I could read and understand music--that made sense to me. It was when I stopped thinking about the fractions as math I realized that I did understand them and had, in fact, been using fractions this whole time when subdividing musical measures and melodies. The skills were there but something about the formal classroom setting caused a disconnect. The only way for me to reconnect with these skills was to practice them in an area I felt skilled at and that I found enjoyable.

This is the basis of my theory on learning through play. Standard classroom learning can be an intimidating and sometimes cold environment. The last thing I want when facilitating a lesson is to have youth stressed or disengaged. I’ve noticed that our youth tend to loosen up when you take out the classroom feel and incorporate more abstract activities, competitions, and games.
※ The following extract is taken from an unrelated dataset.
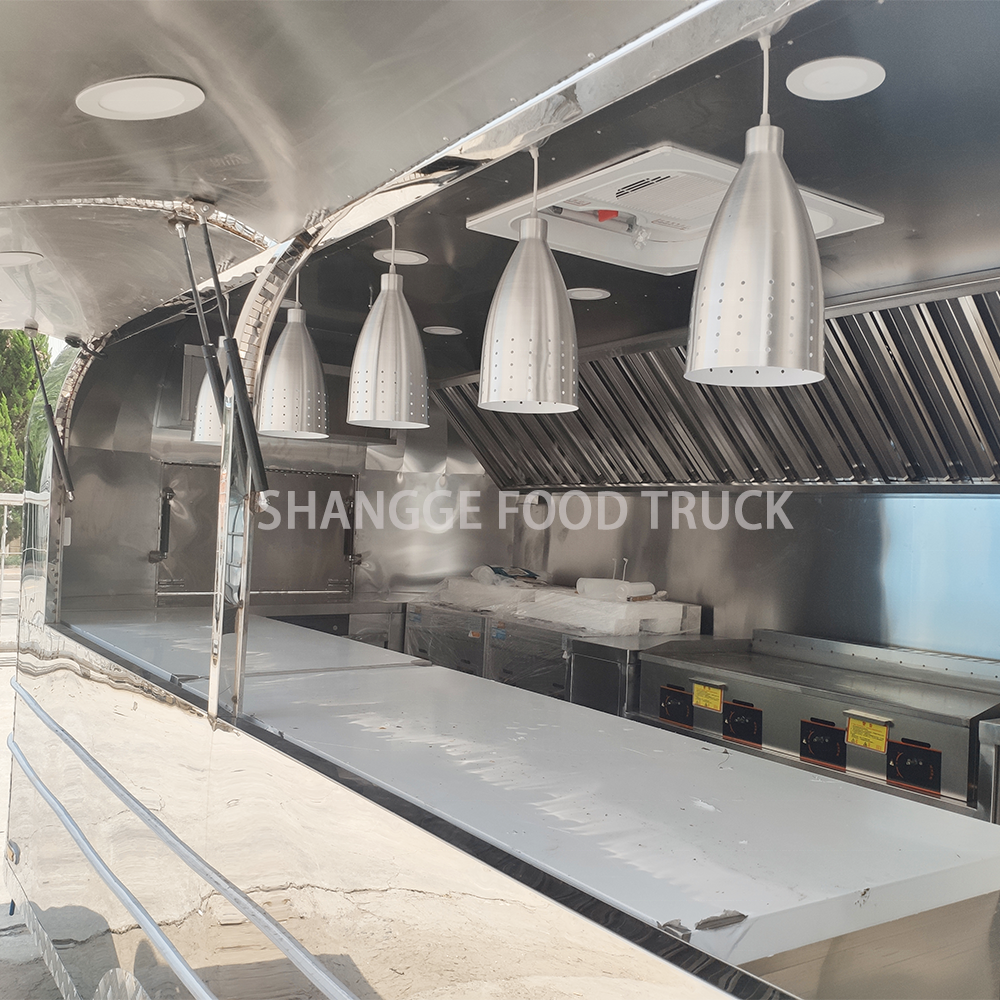 multifunctional coffee truck food trailer mobile food truck ice cream airstream food truck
This theory also is the reason that we introduced Skillz Lab this year. Skillz Lab offers a variety of activities for youth to engage in but the catch is that each activity is stimulating some area of their brain. For example, when you challenge a child to build the tallest lego tower, their mind is learning about engineering and architecture. In a Play-Doh version of a “Cake Boss” bake-off, a child’s sculpture is really just practicing concepts in fine art, color theory, and geometry. A simple activity surrounding planting seeds has youth inadvertently learning about living organisms and the science of botany. “Fill in the Caption” comic books are really just storytelling, dialogue, and writing in disguise.

Skillz Lab in particular is embodying our B-READY 2018-19 theme “Change Can’t Wait” by trying something radical with the hopes of a positive outcome. Within an afterschool setting, we are fighting an uphill battle by offering classroom structure after a child has already had a 6+ hour school day. In my opinion, it does us no good to pretend to be what we are not--in this case, teachers. This is especially true when you consider that learning is constant and limitless and that humans learn a variety of ways. The formal classroom setting has already been provided by each of their schools. What we can provide is the supplemental practice and real-life application of those learnings. What we can provide is play.

By Vicky Ajene, Manager of Academic and Enrichment Programs.